Stored data entries
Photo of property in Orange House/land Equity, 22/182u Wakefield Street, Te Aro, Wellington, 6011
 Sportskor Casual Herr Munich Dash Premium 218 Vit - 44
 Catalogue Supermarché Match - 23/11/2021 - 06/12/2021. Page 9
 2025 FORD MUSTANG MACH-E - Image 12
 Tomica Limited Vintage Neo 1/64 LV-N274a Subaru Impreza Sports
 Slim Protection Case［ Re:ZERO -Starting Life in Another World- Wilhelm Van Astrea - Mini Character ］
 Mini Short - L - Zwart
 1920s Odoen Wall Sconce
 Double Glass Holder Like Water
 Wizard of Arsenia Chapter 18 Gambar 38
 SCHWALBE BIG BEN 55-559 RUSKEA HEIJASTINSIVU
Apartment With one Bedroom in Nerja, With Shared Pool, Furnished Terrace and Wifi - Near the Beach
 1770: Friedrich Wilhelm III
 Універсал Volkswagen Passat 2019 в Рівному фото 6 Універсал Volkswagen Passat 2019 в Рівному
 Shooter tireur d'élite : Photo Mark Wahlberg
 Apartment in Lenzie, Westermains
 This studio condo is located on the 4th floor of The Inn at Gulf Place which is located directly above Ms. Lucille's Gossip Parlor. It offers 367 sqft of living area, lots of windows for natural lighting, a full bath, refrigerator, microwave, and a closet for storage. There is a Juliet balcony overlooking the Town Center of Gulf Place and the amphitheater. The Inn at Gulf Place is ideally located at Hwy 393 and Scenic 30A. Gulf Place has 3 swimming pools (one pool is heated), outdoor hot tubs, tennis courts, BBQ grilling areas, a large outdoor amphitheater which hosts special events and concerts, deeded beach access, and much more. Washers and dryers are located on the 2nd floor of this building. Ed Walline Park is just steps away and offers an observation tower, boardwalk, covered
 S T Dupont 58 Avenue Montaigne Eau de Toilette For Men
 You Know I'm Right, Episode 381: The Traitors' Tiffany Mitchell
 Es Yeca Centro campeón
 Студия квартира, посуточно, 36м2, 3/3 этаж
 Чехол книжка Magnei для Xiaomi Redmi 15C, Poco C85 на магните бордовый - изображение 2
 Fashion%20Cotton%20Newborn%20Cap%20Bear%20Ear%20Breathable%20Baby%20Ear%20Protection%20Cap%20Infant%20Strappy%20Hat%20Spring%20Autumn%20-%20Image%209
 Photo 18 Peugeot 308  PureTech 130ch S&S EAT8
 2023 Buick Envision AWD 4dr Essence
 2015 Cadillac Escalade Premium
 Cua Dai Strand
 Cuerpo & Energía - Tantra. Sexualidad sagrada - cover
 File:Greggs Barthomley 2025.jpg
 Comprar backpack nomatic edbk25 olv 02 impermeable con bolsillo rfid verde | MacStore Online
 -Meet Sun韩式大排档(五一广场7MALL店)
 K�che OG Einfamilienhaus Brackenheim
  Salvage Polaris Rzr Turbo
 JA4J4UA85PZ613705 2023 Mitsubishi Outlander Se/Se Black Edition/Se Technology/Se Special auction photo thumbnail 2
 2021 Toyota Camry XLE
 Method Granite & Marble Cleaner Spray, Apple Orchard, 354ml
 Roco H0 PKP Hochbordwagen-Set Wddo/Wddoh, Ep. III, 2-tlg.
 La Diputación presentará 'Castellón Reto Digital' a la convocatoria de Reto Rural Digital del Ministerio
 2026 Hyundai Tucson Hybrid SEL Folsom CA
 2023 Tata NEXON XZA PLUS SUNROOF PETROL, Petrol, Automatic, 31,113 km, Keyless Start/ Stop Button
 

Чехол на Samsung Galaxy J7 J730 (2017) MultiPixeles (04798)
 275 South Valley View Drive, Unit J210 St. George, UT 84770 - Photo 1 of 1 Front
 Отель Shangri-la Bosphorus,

> [WHAT YOU ARE ASKED TO DO]:
Which lines of the data above contain the string "Premium"? Copy each of them.

> [RESULT OF THIS TASK]:
 Sportskor Casual Herr Munich Dash Premium 218 Vit - 44
 2015 Cadillac Escalade Premium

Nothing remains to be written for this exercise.